Information released by the Finance and Leasing Association (FLA) has shown that in October, new business volumes in the point of sale consumer new car finance market remained stable, compared to the same month in 2017, with 71,976 sales. The value of new business grew by 5% over the same period, to £1.5 billion (€1.7 billion).
However, the FLA’s data for the three months to the end of October reflect the impact of WLTP, especially in new vehicle supplies. Some manufacturers had struggled to ensure all their models were compliant with the new emissions testing procedure when it came into force from 1 September, meaning older stock was pre-registered or discounted beforehand, while customers had to wait until compliant versions were ready.
During the three months, the volume of new car finance agreements declined by 7% to 246,085 as the value of advances fell by 5% to around £5 billion (€5.5 billion)
The number of new cars financed for business during October declined by 33% to 29,680, according to the FLA, with a decline of 22% (to 88,080) for the three months to the end of October.
Commenting on the figures, Geraldine Kilkelly, Head of Research and Chief Economist at the FLA, said: ‘The performance of the POS consumer new car finance market in October continued to reflect trends in private new car sales.
‘The consumer car finance market overall remains on track to report single-digit new business volumes growth in 2018 as a whole.’
While the new car market suffers, used cars continued to lead the way for the automotive industry in October, according to the figures.

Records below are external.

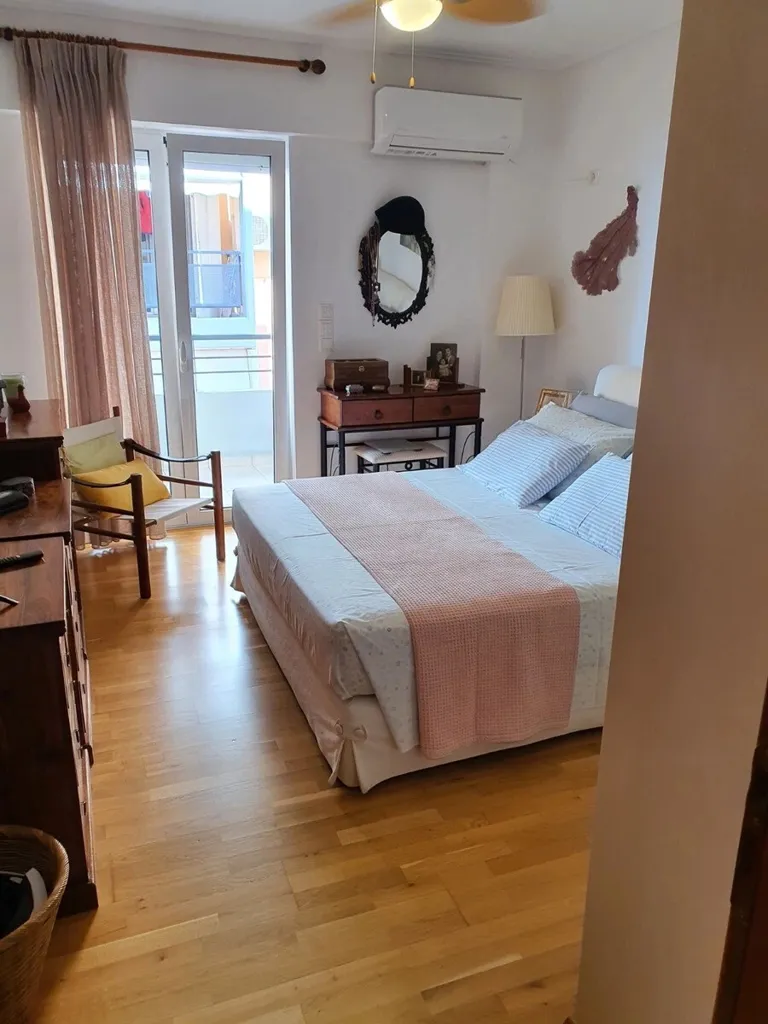 Magamistoad - Flat with Solar Panels in Moschato, Athens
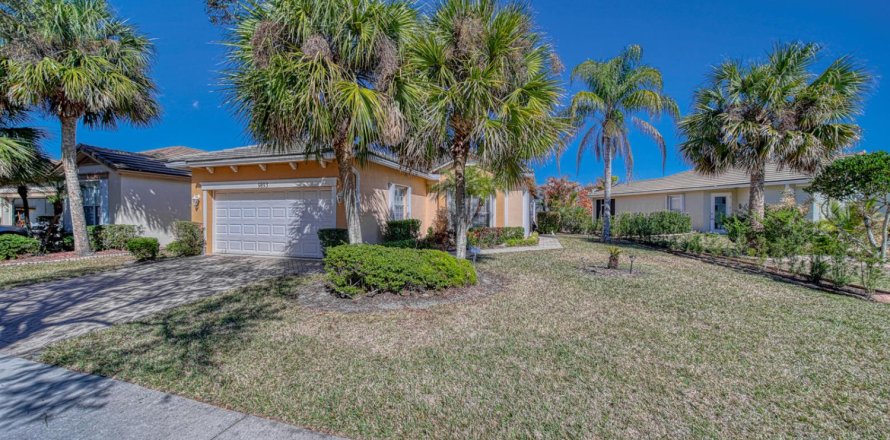 Casa en Port St. Lucie, Florida 3 dormitorios, 143.72 m2 № 2087830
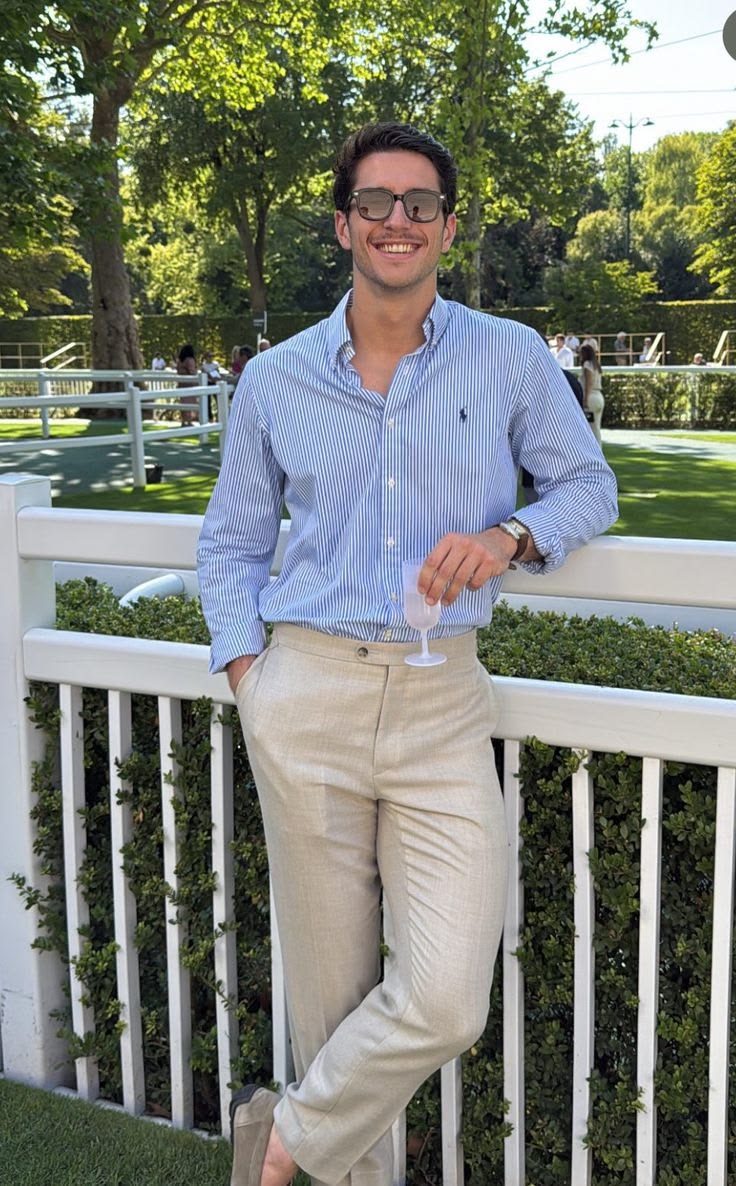 Camisa listrada azul e calça bege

The value of used car finance advances grew by 4% month-on-month to £1.6 billion (€1.8 billion) as volumes rose 8% to 130,313. During the three-month period to the end of October, the FLA has seen volumes grow 7% to 375,208 as the value of advances for the period grew by 13% to £4.6 billion (€5.1 billion)
The data also highlights the trend for businesses to turn to used cars, as WLTP affected tax rates together with supply volumes.
Although starting from a relatively low base, the FLA's data showed that the number of used cars financed for business during October soared by 125% to 9,482, with an increase of 43% in volume (to 18,105) for the three months to the end of October.
The FLA reported that the percentage of private new car sales financed by FLA members through the POS was 91% in the twelve months to October.
Speaking about the potential position of the used car market, Jayson Whittington, chief editor, Cars & Leisure Vehicles, Valuations at Glass’s, comments: ‘In January of this year the Glass’s editorial team predicted that 2018 would be the year that the ‘used car was king’, a slogan coined by Jonathan Brown, one of my editors. He was certainly right. I think 2019 will be just as strong.’
‘CO2 increases following the introduction of WLTP testing have impacted Benefit in Kind taxation for company car users. It is likely that some wishing to run a diesel company car, may instead choose to take a cash alternative, if they can, and buy their used diesel. This will, of course, increase the demand for diesel in 2019, but it will be 2020 where supply may become problematic, as this will be the first year that feels the impact of the diesel decline in the new market in 2017, where 219,000 fewer diesel cars were sold than the previous year.’